=== Data segment ===
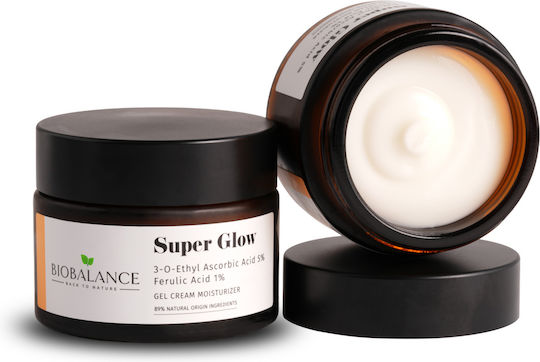 Alpaya Dermaceuticals Super Glow 5% Аскорбинова Киселина + 1% Ферулова Киселина Крем За Лице За Против Стареене И Регулация На Омазняването С Хиалуронова Киселина И Витамин С 50мл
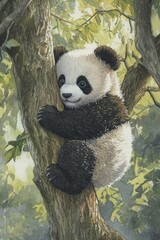 Obraz premium A baby panda climbing a tree,
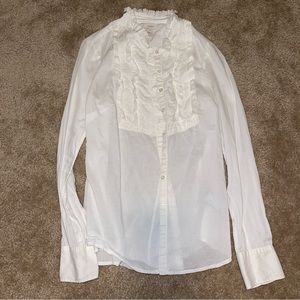 J.Crew Ruffle Button Down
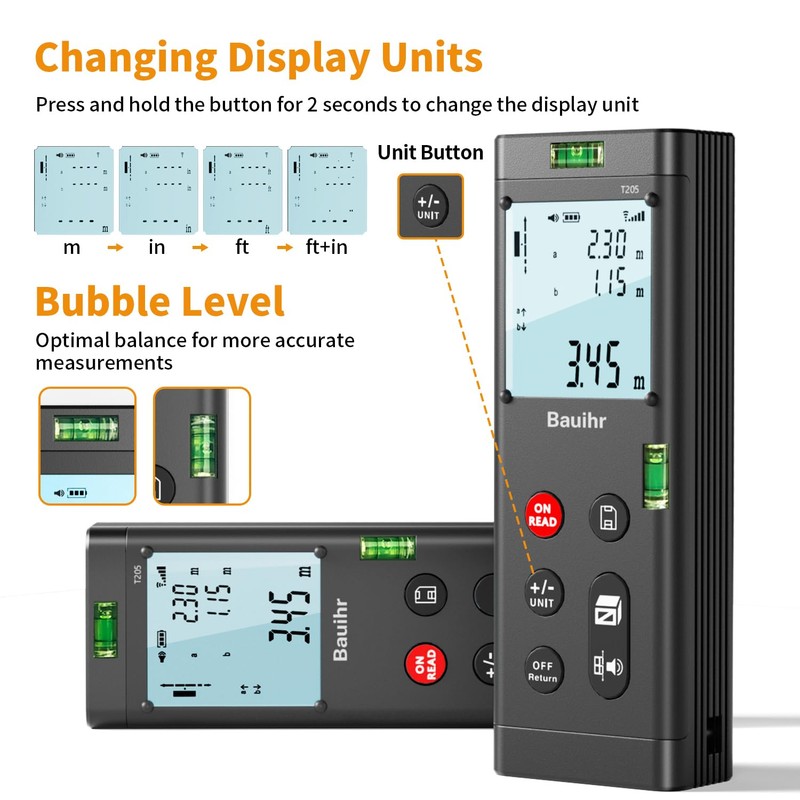 Bilateral Laser Measurement Tool, Bauihr 393ft/120M Rechargeable Aluminum Dual Laser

=== The problem ===
Output the listing above exactly as it stands; no picture should appear.

=== Task answer ===
 Alpaya Dermaceuticals Super Glow 5% Аскорбинова Киселина + 1% Ферулова Киселина Крем За Лице За Против Стареене И Регулация На Омазняването С Хиалуронова Киселина И Витамин С 50мл
 Obraz premium A baby panda climbing a tree,
 J.Crew Ruffle Button Down
 Bilateral Laser Measurement Tool, Bauihr 393ft/120M Rechargeable Aluminum Dual Laser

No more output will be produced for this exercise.